#### Task objective
The answer must reproduce exactly the lines from the one with "s.Oliver RED Kleid" through the end of the material, and it must contain no pictures.

#### Provided data
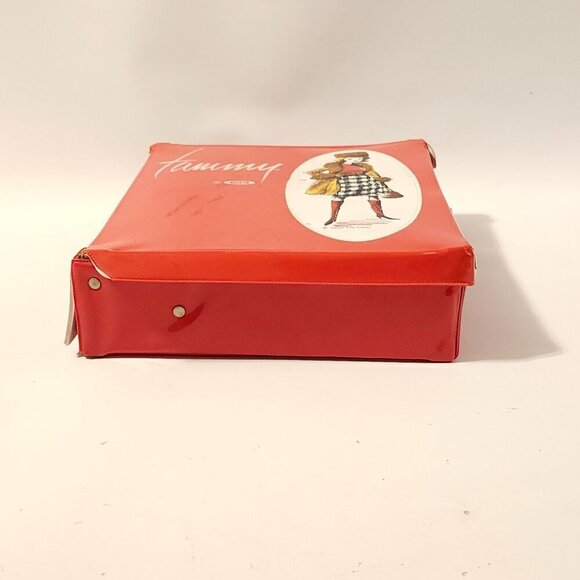 Vintage Tammy Doll Lot Ideal Toy Corp 1960s LOT Doll With Case and Accessories - Picture 11 of 16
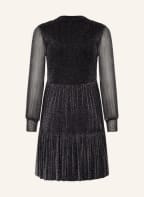 s.Oliver RED Kleid mit Glitzergarn, Farbe: SCHWARZ (Bild 1)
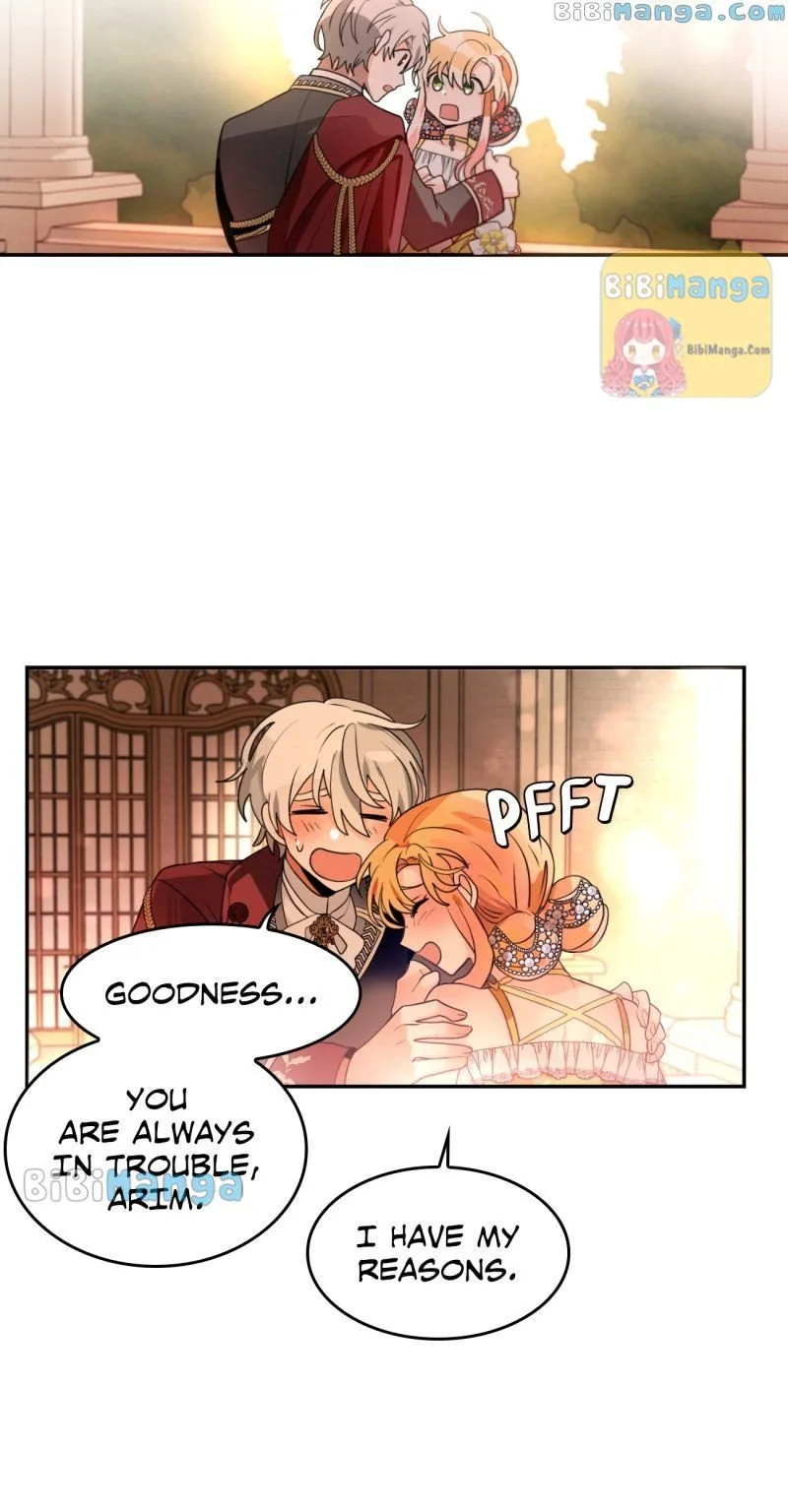 Please, Let Me Return Home Chapter 68 page 33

#### Written response
 s.Oliver RED Kleid mit Glitzergarn, Farbe: SCHWARZ (Bild 1)
 Please, Let Me Return Home Chapter 68 page 33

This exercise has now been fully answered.